• What to do
Return an exact copy of the entries, skipping any picture you find.

(Collected data entries)
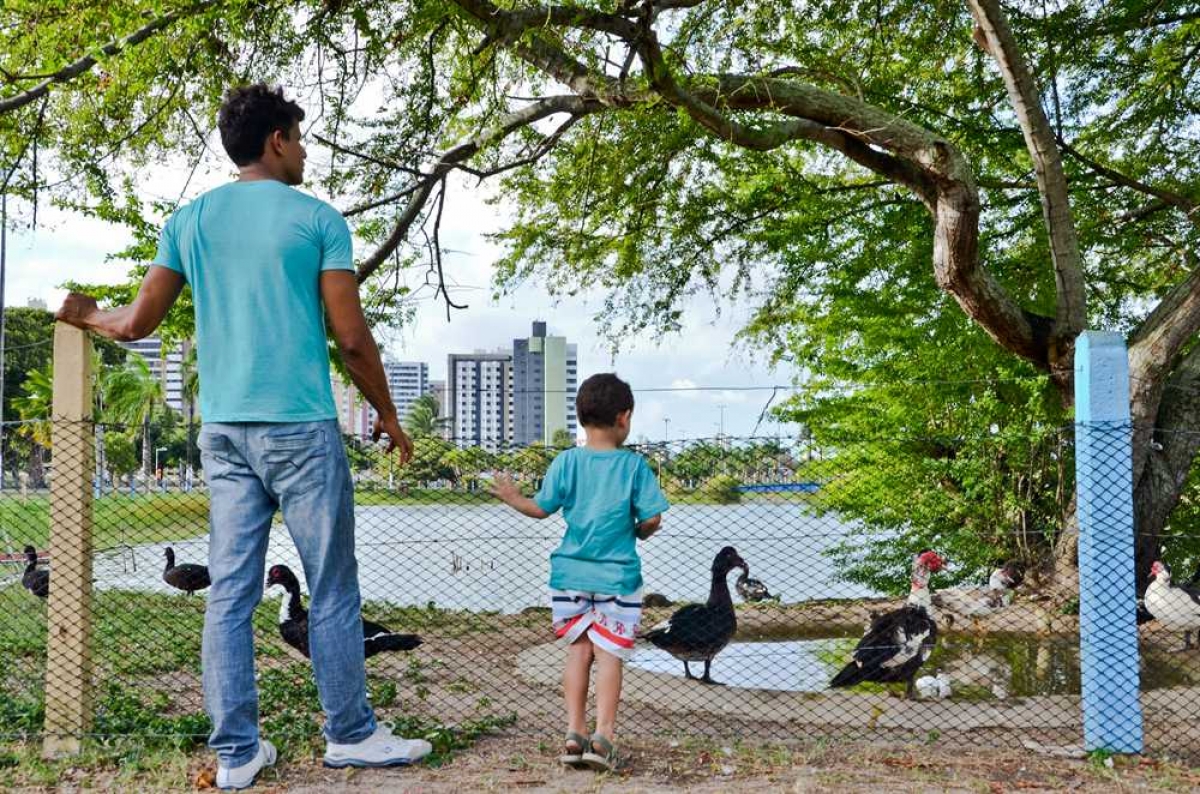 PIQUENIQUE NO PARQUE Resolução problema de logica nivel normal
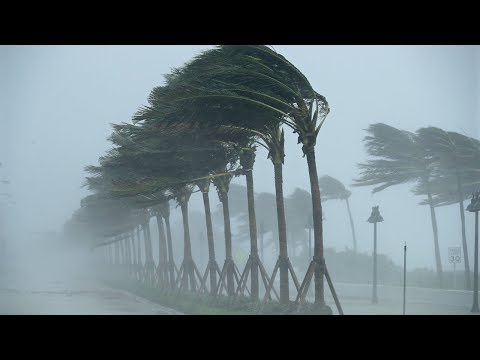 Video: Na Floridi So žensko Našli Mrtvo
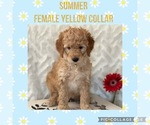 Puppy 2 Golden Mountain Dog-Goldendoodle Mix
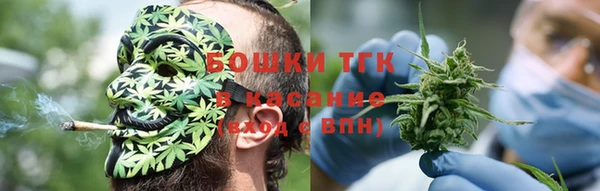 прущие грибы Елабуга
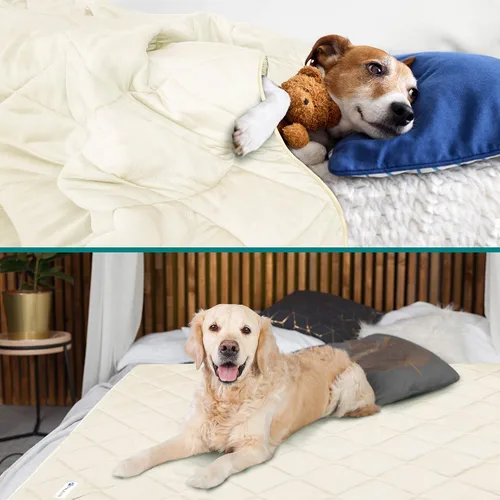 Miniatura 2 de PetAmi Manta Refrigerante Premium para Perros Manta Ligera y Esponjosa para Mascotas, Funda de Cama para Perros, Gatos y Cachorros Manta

• Completed exercise
 PIQUENIQUE NO PARQUE Resolução problema de logica nivel normal
 Video: Na Floridi So žensko Našli Mrtvo
 Puppy 2 Golden Mountain Dog-Goldendoodle Mix
 прущие грибы Елабуга
 Miniatura 2 de PetAmi Manta Refrigerante Premium para Perros Manta Ligera y Esponjosa para Mascotas, Funda de Cama para Perros, Gatos y Cachorros Manta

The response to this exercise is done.